(Given data begins)
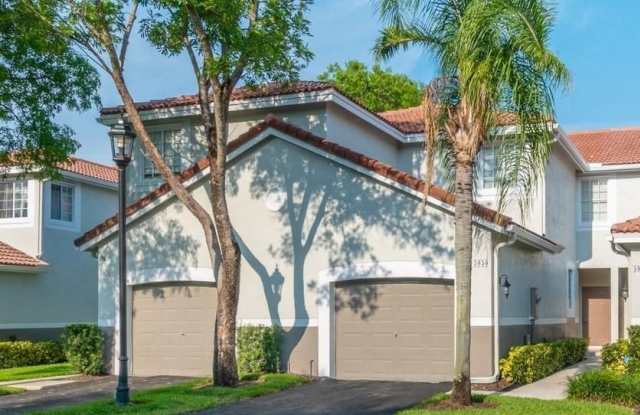 3930 SAN SIMEON LN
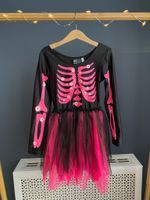 Карнавальный костюм платье H&M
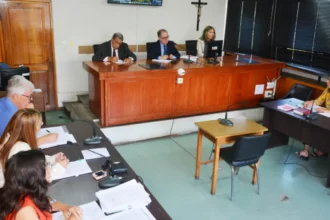 Condenan a 12 años por abuso sexual: caso que tardó casi una década en resolverse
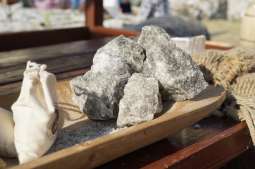 Świeto soli sól, fot. p. chwalba (82)'.jpg-Święto soli 2019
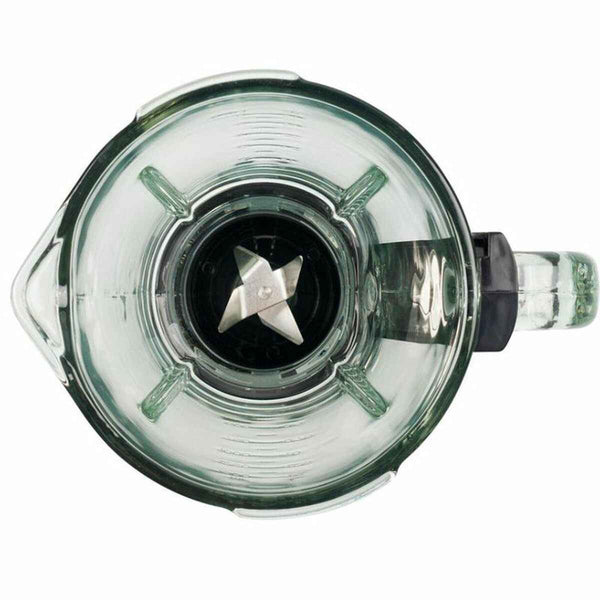 Frullatore Tristar BL-4477 500 W Nero 1,5 L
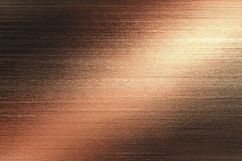Copper Plate Texture Background Wallpaper Product Image 1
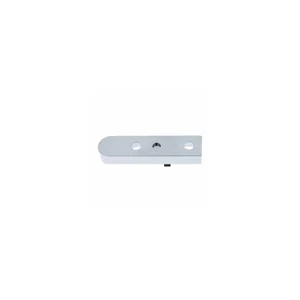 Göldo Bass Single String Bridge C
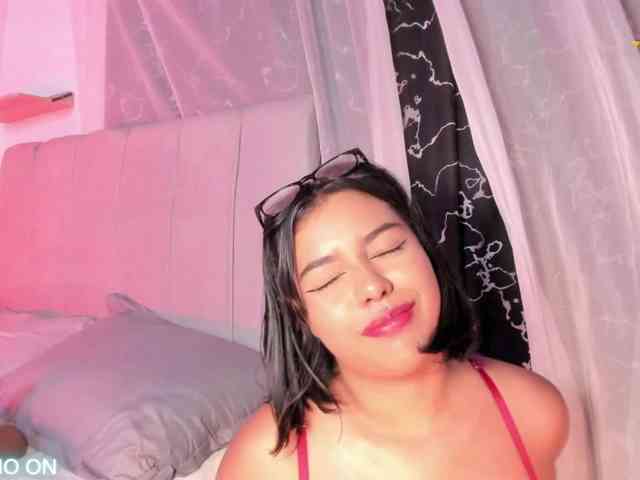 KathDolly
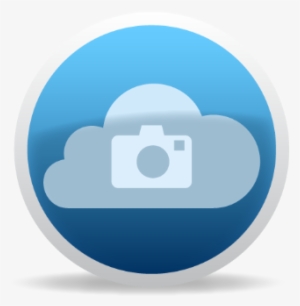 What Is Cloud Snapshot Manager - Dell Emc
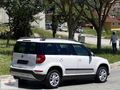 2015 Skoda Yeti 1.6 TDI DSG 105 Bg 149.000 Km/Hız Sabi/Kat Ayna.
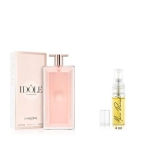 Perfumy z feromonami inspirowane Idôle Lancôme 4ml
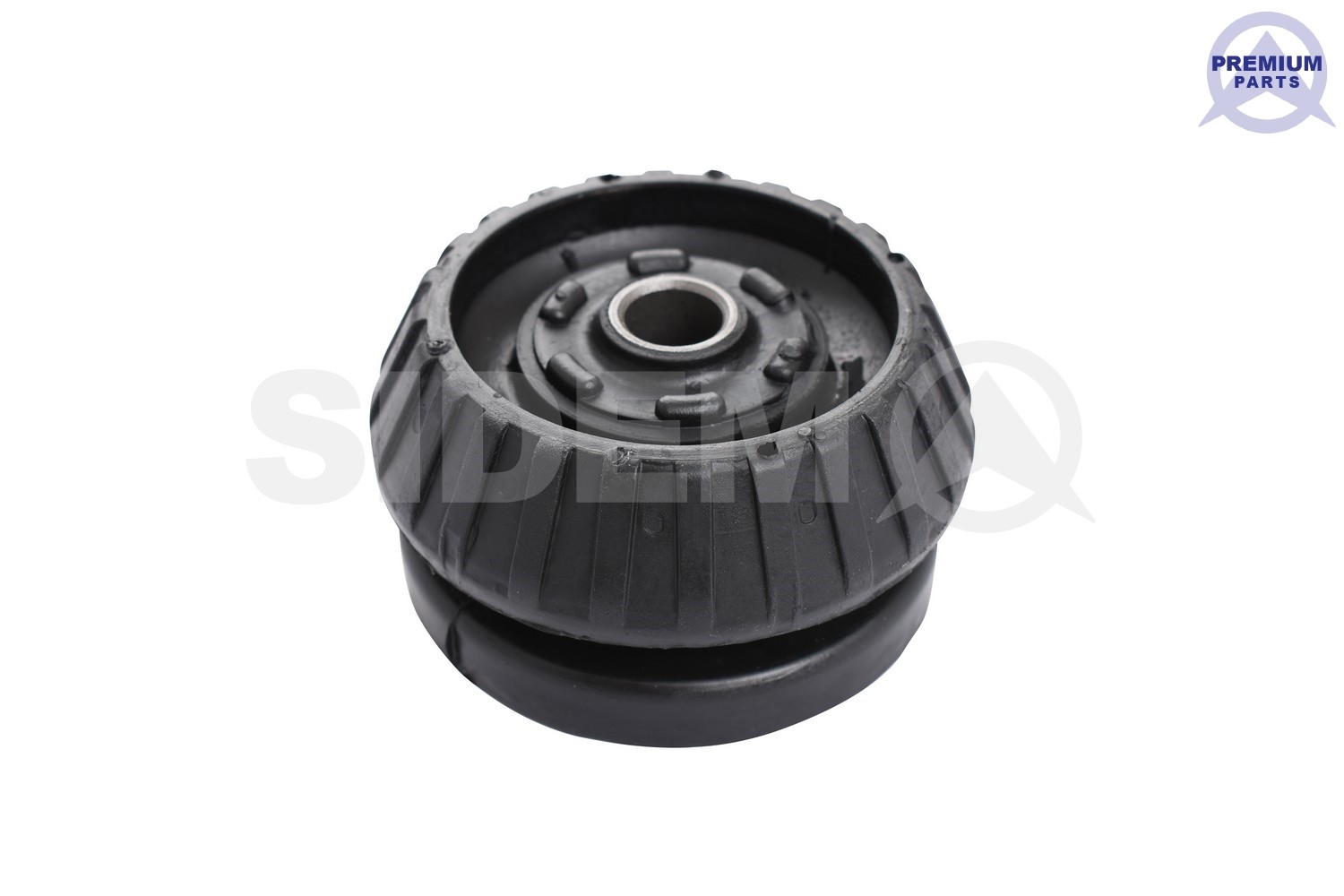 SIDEM 809404 - Опора амортизатора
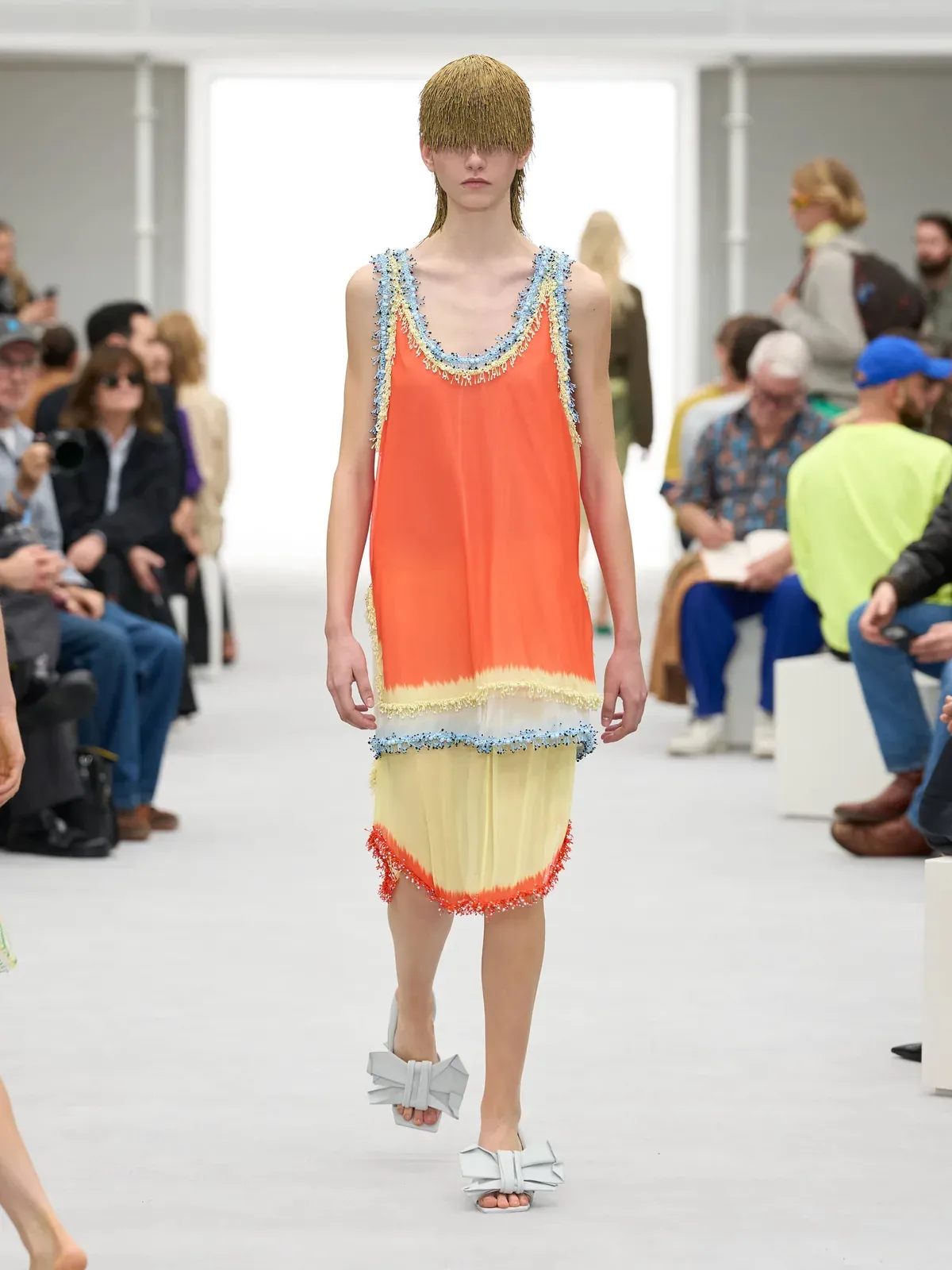 metal-loewe-ss27-48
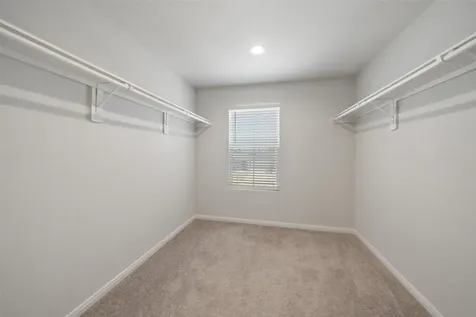 412 Del Monte Drive Huntsville TX 77320
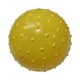 Pelota Plastica Pinches Mediana Mp 5095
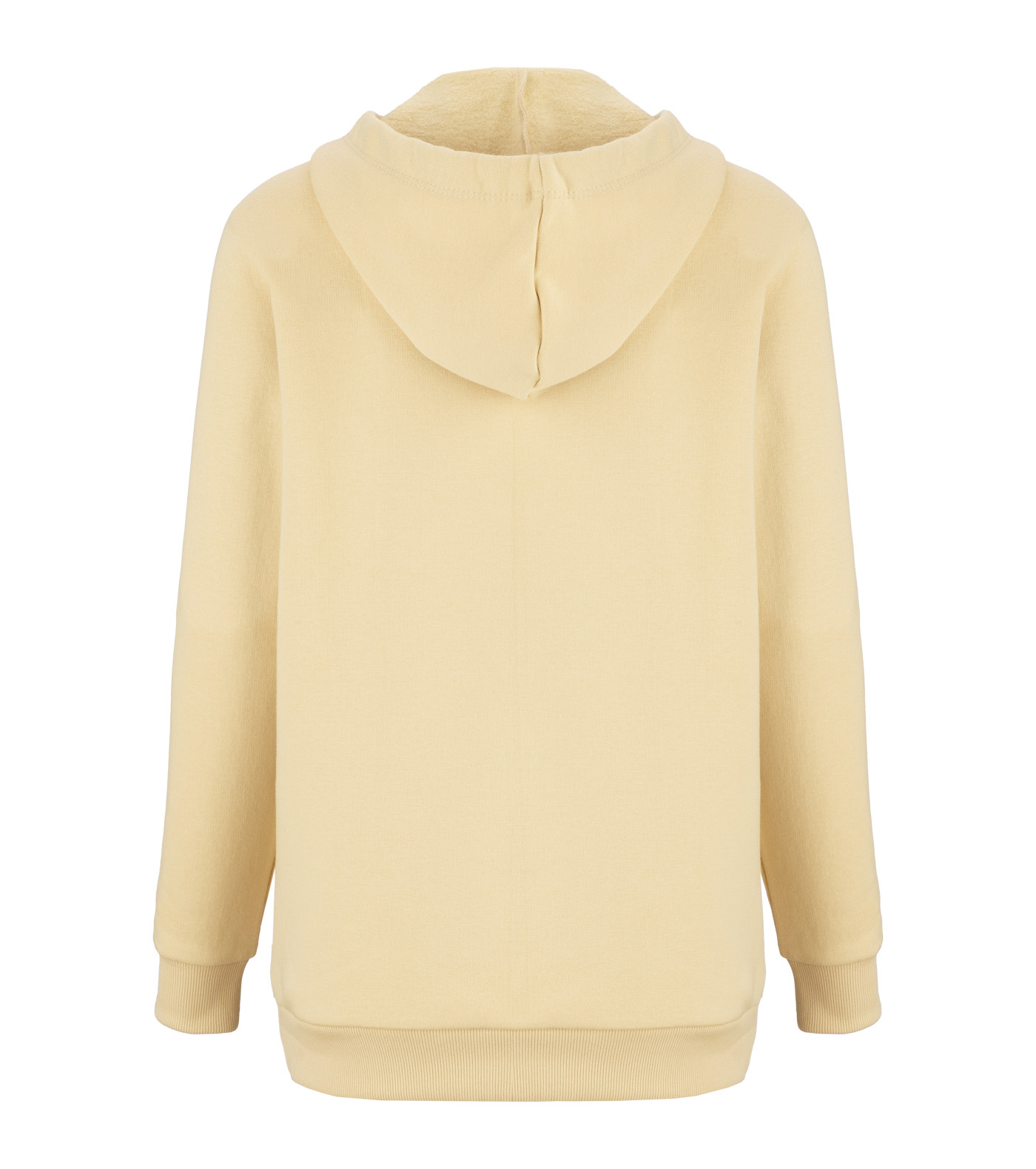 Hecta Ess. Hoodie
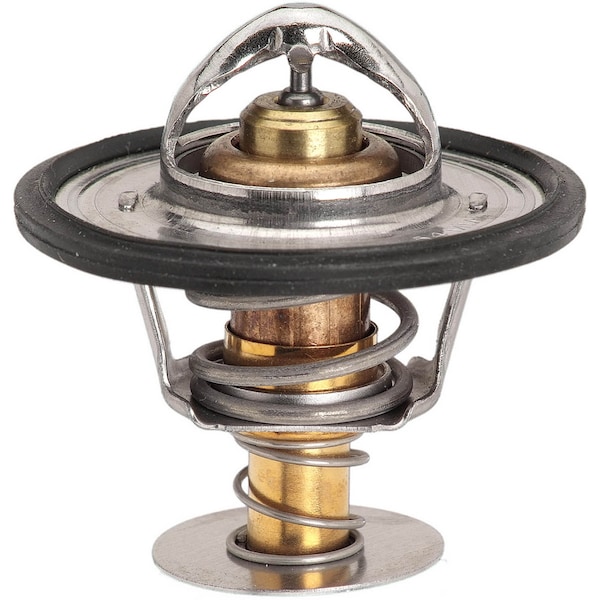 Premium Thermostat, 33019S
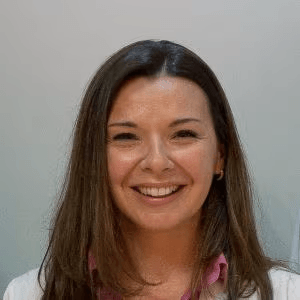 Dra. Esteves Alvarez M. Eugenia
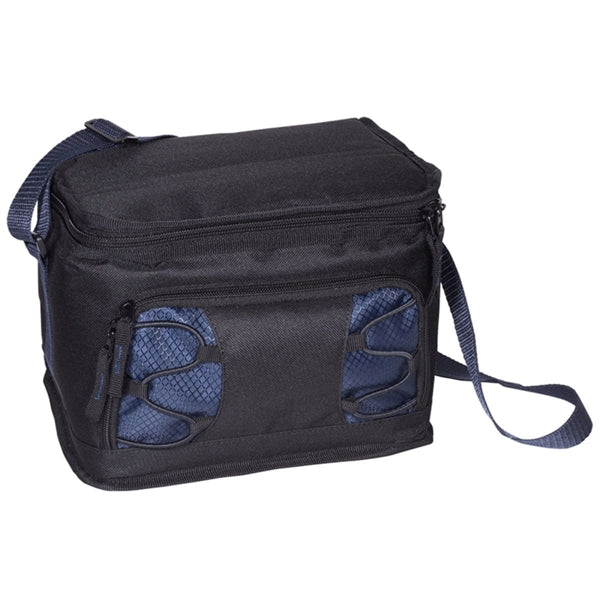 Lunch Cooler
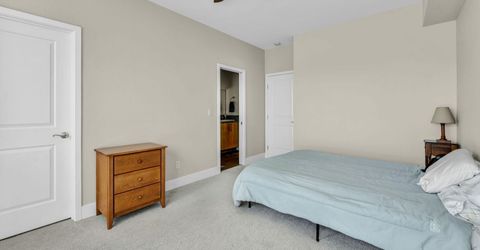 326 State Street, Reno, NV 89501 Photo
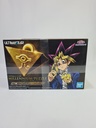 Ultimagear Millennium Puzzle Plastic Model Kit Yu-Gi-Oh! Duel Monsters 2021 - Puzzle  - Brand New, Sealed
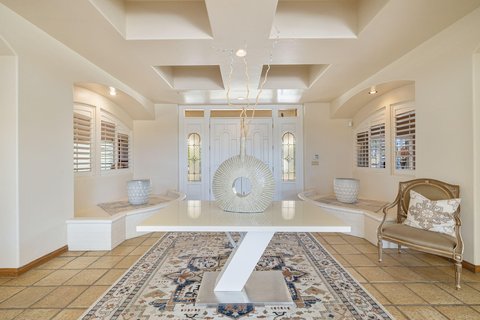 50180 Vista Montana Road, La Quinta, CA 92253 photo 12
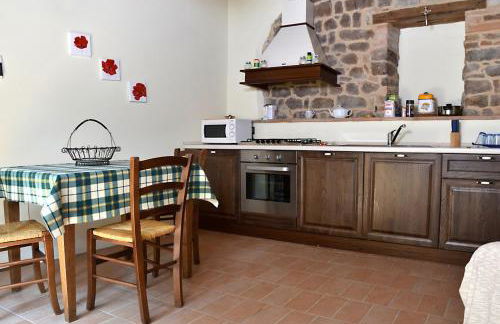 Casale di Gualdo - Foto 29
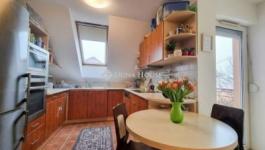 Eladó lakás Szigetszentmiklós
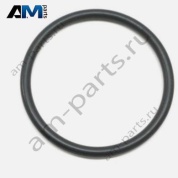 Уплотнительное кольцо интеркулера для Mercedes E300 W213 (M274 E20) A0249978045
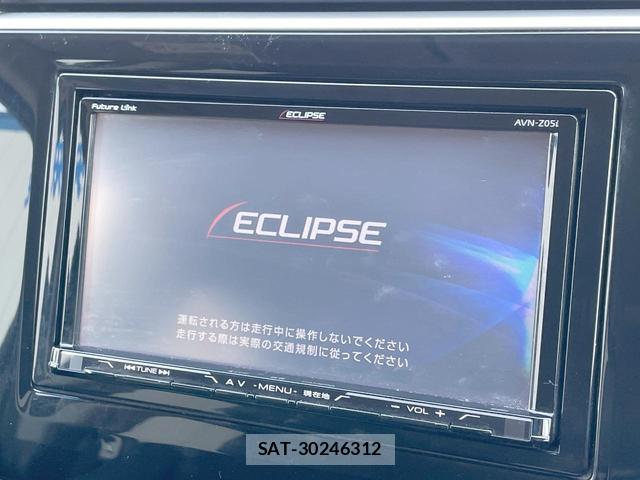 Honda e 2016-02 8551318-2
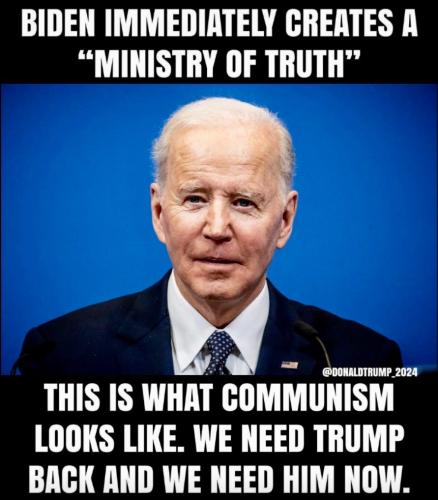 CA406774-80E1-46C7-956B-788FD2206D95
(Given data ends)
→ **Work to be completed**
When copying the records, reproduce every entry exactly and omit all pictures.

→ **Response below**
 3930 SAN SIMEON LN
 Карнавальный костюм платье H&M
 Condenan a 12 años por abuso sexual: caso que tardó casi una década en resolverse
 Świeto soli sól, fot. p. chwalba (82)'.jpg-Święto soli 2019
 Frullatore Tristar BL-4477 500 W Nero 1,5 L
Copper Plate Texture Background Wallpaper Product Image 1
 Göldo Bass Single String Bridge C
 KathDolly
 What Is Cloud Snapshot Manager - Dell Emc
 2015 Skoda Yeti 1.6 TDI DSG 105 Bg 149.000 Km/Hız Sabi/Kat Ayna.
 Perfumy z feromonami inspirowane Idôle Lancôme 4ml
 SIDEM 809404 - Опора амортизатора
 metal-loewe-ss27-48
 412 Del Monte Drive Huntsville TX 77320
 Pelota Plastica Pinches Mediana Mp 5095
 Hecta Ess. Hoodie
 Premium Thermostat, 33019S
 Dra. Esteves Alvarez M. Eugenia
 Lunch Cooler
 326 State Street, Reno, NV 89501 Photo
 Ultimagear Millennium Puzzle Plastic Model Kit Yu-Gi-Oh! Duel Monsters 2021 - Puzzle  - Brand New, Sealed
 50180 Vista Montana Road, La Quinta, CA 92253 photo 12
 Casale di Gualdo - Foto 29
 Eladó lakás Szigetszentmiklós
 Уплотнительное кольцо интеркулера для Mercedes E300 W213 (M274 E20) A0249978045
 Honda e 2016-02 8551318-2
 CA406774-80E1-46C7-956B-788FD2206D95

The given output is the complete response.